Today's bounce back in gold prices is fading into the close and as Barclays' Suki Cooper notes, despite some physical demand response to lower prices, it has not been sufficient to combat the overall decline. In the absence of support from physical buying, where does fundamental support materialize? Should gold just put on its commodity hat, instead of its increasingly more popular currency one, its cost of production should provide some guidance.
Via Barclays' Suki Cooper,
Last year, the average cost of production was $673/oz, and the marginal cost of production (90th percentile) was $1104/oz (Gold cash costs drive higher, 22 March 2013).
Should prices dip below marginal cost, around 10% of production under our cost curve becomes cash-negative, representing an estimated 262 tonnes of cash-negative gold production globally. The bulk of this at-risk production is from South Africa, according to our database. Also putting pressure on gold prices is the acceleration of ETP outflows, which have already reached 66.5 tonnes for the month-to-date (until 12 April 2013).
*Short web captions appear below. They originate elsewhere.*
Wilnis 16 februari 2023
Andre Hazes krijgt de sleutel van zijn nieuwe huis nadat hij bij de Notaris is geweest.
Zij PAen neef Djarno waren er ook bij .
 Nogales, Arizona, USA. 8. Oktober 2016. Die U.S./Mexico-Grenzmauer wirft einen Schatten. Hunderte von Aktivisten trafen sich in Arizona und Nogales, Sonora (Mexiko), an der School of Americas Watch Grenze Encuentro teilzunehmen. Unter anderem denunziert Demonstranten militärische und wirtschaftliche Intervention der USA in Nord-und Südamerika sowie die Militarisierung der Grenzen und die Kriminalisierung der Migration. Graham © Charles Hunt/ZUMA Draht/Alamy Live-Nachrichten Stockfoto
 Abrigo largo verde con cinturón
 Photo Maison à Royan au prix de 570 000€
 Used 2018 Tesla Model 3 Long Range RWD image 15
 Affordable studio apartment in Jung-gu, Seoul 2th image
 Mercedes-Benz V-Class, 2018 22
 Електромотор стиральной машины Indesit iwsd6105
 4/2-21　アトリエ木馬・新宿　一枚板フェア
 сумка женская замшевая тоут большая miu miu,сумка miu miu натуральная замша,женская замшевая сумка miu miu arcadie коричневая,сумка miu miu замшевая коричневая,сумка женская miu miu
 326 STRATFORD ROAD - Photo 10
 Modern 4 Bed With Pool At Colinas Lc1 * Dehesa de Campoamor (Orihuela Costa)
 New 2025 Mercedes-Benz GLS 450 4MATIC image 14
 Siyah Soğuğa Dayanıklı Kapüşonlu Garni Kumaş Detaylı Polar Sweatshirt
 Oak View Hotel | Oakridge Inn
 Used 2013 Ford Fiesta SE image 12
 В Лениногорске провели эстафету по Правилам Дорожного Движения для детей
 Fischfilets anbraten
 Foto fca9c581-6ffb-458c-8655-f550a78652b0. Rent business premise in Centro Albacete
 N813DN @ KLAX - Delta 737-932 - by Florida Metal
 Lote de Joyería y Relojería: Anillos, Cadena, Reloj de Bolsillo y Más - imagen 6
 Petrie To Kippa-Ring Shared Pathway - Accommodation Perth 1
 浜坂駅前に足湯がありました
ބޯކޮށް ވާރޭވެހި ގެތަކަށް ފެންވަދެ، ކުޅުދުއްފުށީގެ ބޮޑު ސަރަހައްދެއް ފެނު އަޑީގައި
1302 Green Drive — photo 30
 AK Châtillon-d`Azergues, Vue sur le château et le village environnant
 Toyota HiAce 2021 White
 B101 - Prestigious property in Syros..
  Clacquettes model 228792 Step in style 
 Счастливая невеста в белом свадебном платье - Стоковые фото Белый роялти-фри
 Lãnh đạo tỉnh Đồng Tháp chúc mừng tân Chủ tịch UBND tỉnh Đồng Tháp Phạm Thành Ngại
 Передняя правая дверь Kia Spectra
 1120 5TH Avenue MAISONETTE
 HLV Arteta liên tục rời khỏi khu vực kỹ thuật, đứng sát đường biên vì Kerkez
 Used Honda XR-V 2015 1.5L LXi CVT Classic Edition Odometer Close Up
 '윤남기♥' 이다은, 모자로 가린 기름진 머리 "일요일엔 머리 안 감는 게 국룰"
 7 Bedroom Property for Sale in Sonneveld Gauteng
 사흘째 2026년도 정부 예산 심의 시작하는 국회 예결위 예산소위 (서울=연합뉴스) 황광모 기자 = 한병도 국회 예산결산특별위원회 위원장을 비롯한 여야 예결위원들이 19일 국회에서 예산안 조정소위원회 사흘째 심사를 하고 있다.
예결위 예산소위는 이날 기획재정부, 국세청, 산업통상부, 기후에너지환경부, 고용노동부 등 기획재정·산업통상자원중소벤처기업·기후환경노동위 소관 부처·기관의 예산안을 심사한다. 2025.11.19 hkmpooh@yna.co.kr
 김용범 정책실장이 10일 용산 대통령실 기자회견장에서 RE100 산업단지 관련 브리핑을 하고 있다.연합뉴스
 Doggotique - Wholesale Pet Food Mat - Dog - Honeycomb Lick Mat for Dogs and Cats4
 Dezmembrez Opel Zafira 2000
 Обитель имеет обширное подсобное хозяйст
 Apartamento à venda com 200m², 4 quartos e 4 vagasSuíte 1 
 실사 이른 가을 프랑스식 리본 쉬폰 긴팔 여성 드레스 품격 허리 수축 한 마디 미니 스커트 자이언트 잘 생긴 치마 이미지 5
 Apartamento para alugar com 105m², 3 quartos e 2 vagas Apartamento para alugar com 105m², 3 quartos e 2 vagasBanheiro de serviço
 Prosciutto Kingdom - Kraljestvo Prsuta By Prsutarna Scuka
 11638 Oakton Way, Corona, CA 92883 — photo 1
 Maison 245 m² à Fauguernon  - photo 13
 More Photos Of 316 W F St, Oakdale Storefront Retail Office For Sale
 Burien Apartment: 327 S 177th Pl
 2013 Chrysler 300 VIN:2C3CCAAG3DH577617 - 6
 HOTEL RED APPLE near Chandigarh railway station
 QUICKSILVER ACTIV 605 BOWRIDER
Nearly 320 tonnes of gold ETP holdings are cash negative below $1400/oz (assuming only those shares created above $1400/oz have been redeemed above $1400/oz, thus, this estimate is likely to be greater).
Although a reduction in mine supply would need to counter the supply from ETP outflows, this has raised the question whether producer hedging could gain traction. Hedging activity over the past couple of years has predominantly been related to project financing.
Looking at the 20-year price low in 1999, when prices dipped to $252/oz, prices traded a third above the annual average cash cost. The average cost of production was quite stable in the 1990s but has risen by an average 16% y/y over the past five years. The marginal cost of production has risen by 69% over the past five years, rising by 15.2% last year.
Our cycle average forecast is $1125/oz (which denotes the cost-driven estimate of the minimum sustainable price over a business cycle) before taking into consideration sustaining capex, therefore, given that cost pressures are rising and labor disruptions persist, from a fundamental perspective, support comes into play initially at around $1300/oz before a substantial quantity of mine production is put at risk.
And of course, should the central banks of the world succeed in driving the price of gold to or below its costs of production (repressing yet another asset class into stocks) then we fear the repercussions will backfire from a combination of bankruptcies, unemployment, and as we have already seen in Africa - severe social unrest.